## What is being asked:
What is wanted is the full listing, word for word, without its pictures.

(Beginning of Recorded data)

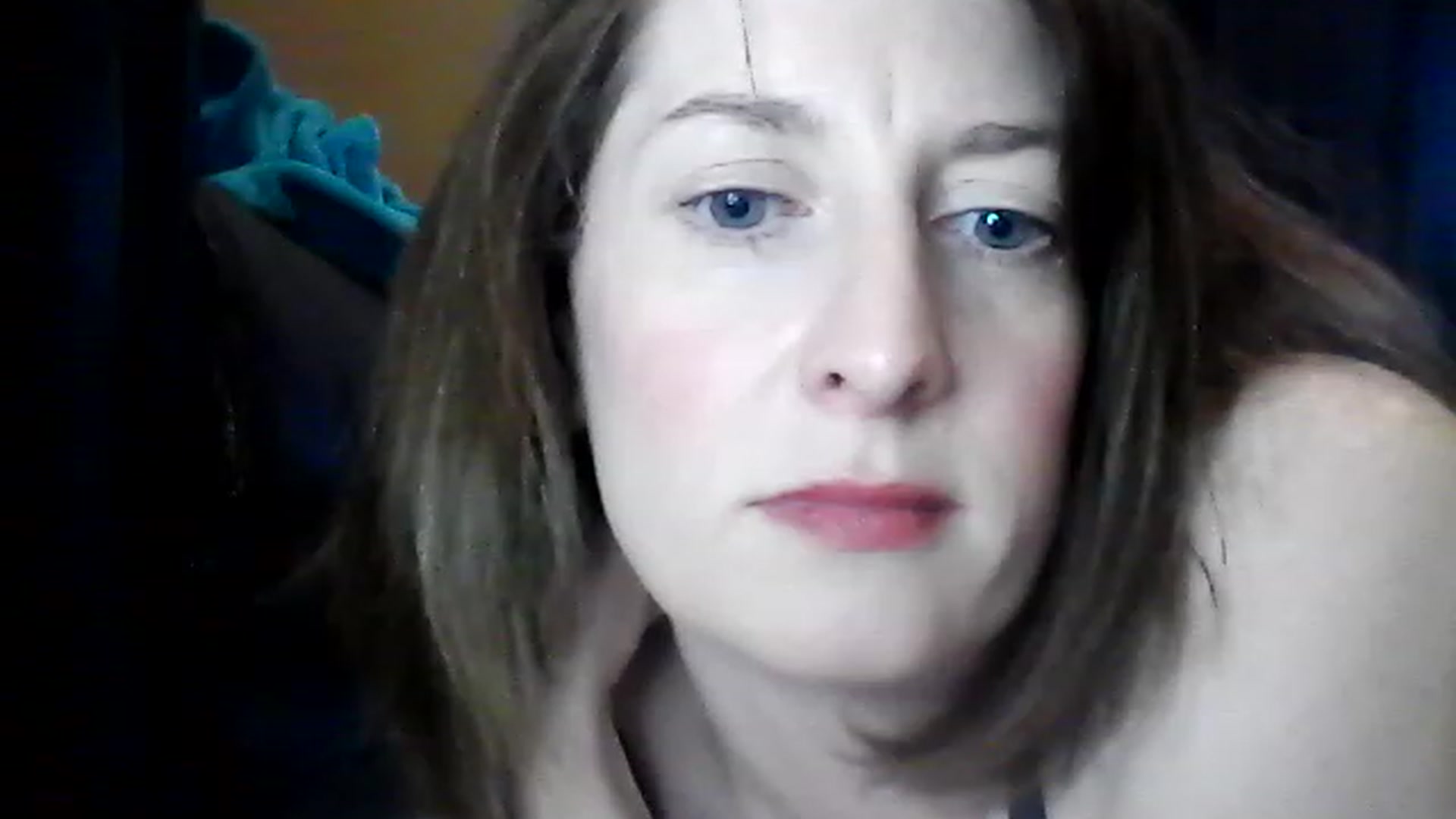 Gallery image thumbnail from sexfiendtiff4's myfreecams stream on, 01/13/2023, 20:04 image 8 of 20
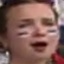 Face f_531121_7
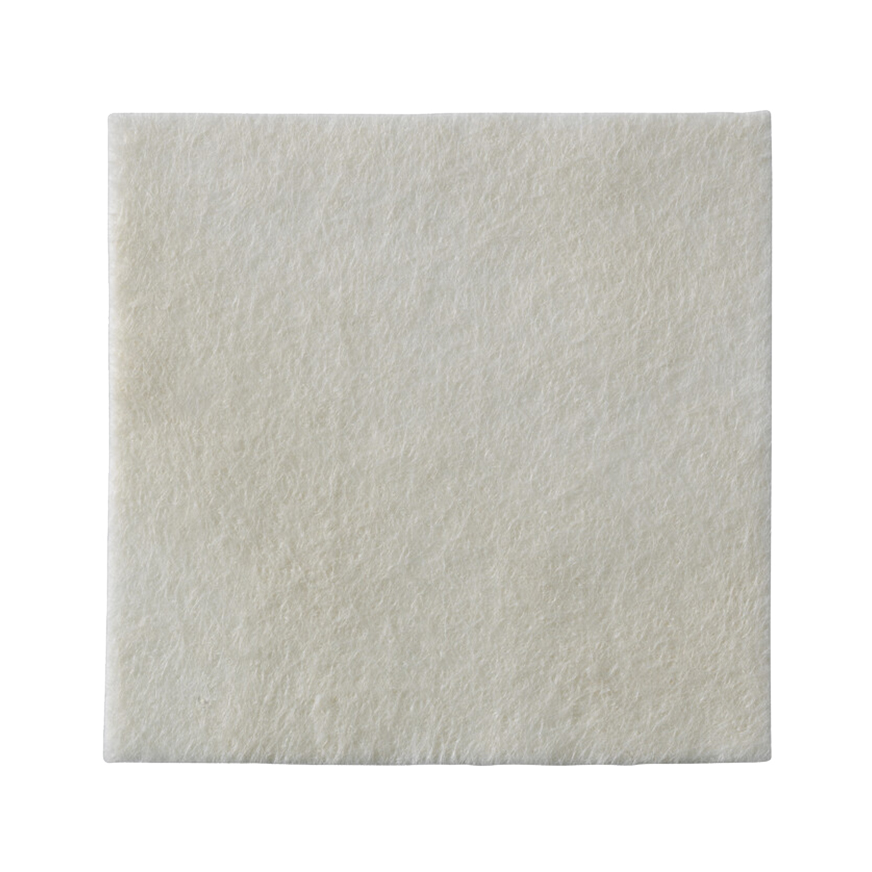 Biatain Alginate Ag, Size 6in X 6in (15cm X 15cm) - Box Of 10 - Home Health Store Inc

(End of Recorded data)

## Result of this task:
 Gallery image thumbnail from sexfiendtiff4's myfreecams stream on, 01/13/2023, 20:04 image 8 of 20
 Face f_531121_7
 Biatain Alginate Ag, Size 6in X 6in (15cm X 15cm) - Box Of 10 - Home Health Store Inc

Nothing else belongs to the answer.